The report provides information about police capacity and institution building undertaken by OSCE field operations in support of their respective host-State governments and describes developments in activities conducted by the SPMU.
For the SPMU, 2006 was a year of transition. During the previous years, over 20 police assistance projects were formulated by the SPMU at the request of the OSCE participating States and in consultation with field operations. It became clear, however, that extra-budgetary funding could not provide an adequate basis for their implementation. A process of conversion to the funding from unified budget was initiated, one of the consequences being transfer of responsibility for programme development to Heads of Field Operations. Under the guidance of the SPA, the SPMU aligned their activities more closely with the specific tasking contained in the Ministerial Declarations and the various OSCE Action Plans, as described in Section 1 of the present report. The SPMU has thus flexibly responded to the demand for change.
Throughout 2006, the SPA led SPMU staff in articulating to the police authorities in the participating States the objectives of democratic police services and forces; the importance of their commitment to the rule of law, policing ethics, and human rights standards; the essential nature of police accountability to the law and to the society they serve; as well as the need for their co-operation with the communities, recognizing that effective policing requires partnership with the communities being served. The above support to policy development was underpinned by the compilation and publication of the Guidebook on Democratic Policing by the Senior Police Adviser to the OSCE Secretary General. It permitted to operationalize pre-existing norms, standards, good principles and lessons learned and to make these norms and standards accessible for practitioners concerned with policing and administration of justice.
Organized crime has become a global problem that affects all of the OSCE participating States. The threat of such offenses such as trafficking in human beings, sexual exploitation of children, drug trafficking that are tremendously damaging to societies and economies have been prominently recognized by the OSCE. The SPMU activities in support of the fight against organized crime proceed from the recognition of the fact that efficient and effective criminal justice systems based on the rule of law form a prerequisite for combating organized crime, and specialist responses to connected security challenges must take place within the overall framework of a criminal justice system.

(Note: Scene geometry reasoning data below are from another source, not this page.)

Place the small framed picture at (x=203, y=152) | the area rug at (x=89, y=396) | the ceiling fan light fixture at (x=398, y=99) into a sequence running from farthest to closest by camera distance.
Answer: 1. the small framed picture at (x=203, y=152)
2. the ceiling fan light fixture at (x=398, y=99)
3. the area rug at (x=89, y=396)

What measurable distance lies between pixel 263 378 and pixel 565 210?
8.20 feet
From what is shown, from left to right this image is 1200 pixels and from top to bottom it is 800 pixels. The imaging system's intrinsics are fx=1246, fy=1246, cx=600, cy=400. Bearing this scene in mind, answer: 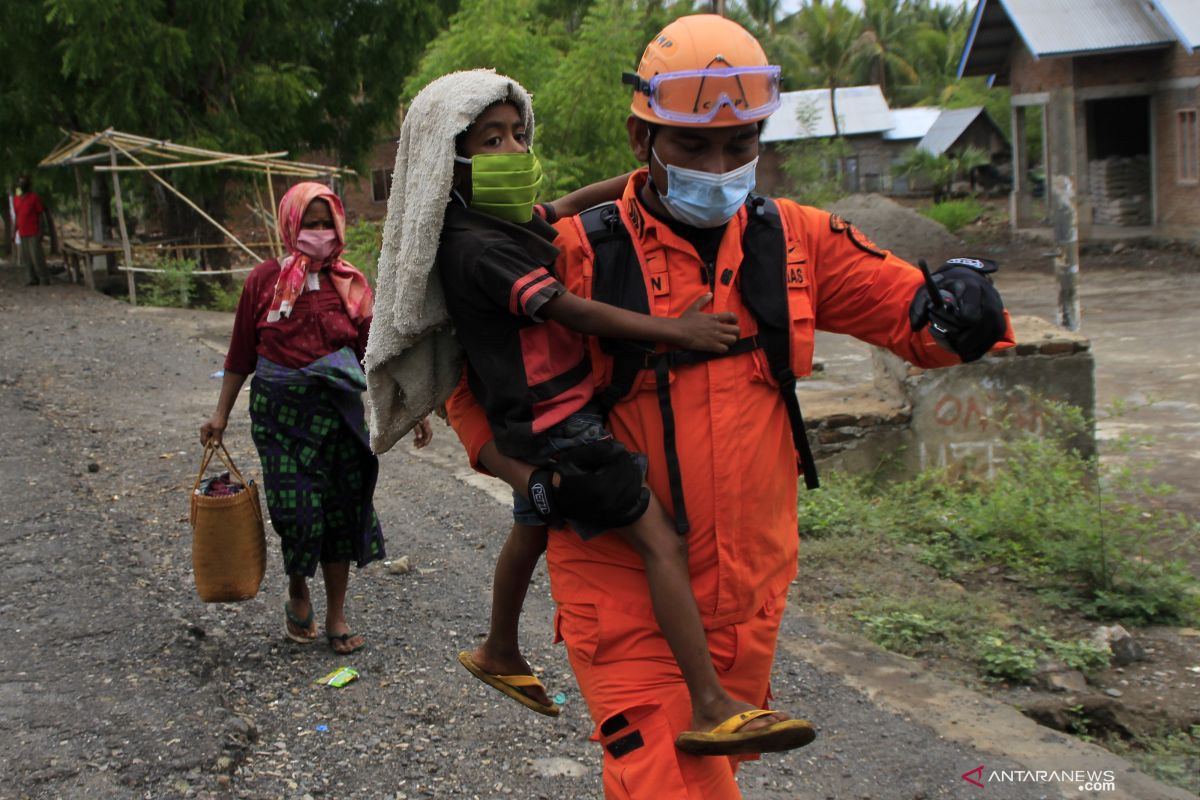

The SPMU continued serving as a main collection point and central repository for OSCE policing-related institutional knowledge, providing the platform for sharing information resulting from OSCE activities, from local initiatives and from development work of other international organizations and agencies. The growing information environment in the OSCE requires proactive policies in regards to collection and dissemination of information, with particular emphasis on the needs of thematic units, both, in the field operations and institutions. In response to these requirements, the SPMU Policing OnLine Information System (POLIS) was launched in November 2006 on the occasion of the OSCE Chiefs of Police Meeting in Brussels, held under the auspices of the Belgian OSCE Chairmanship.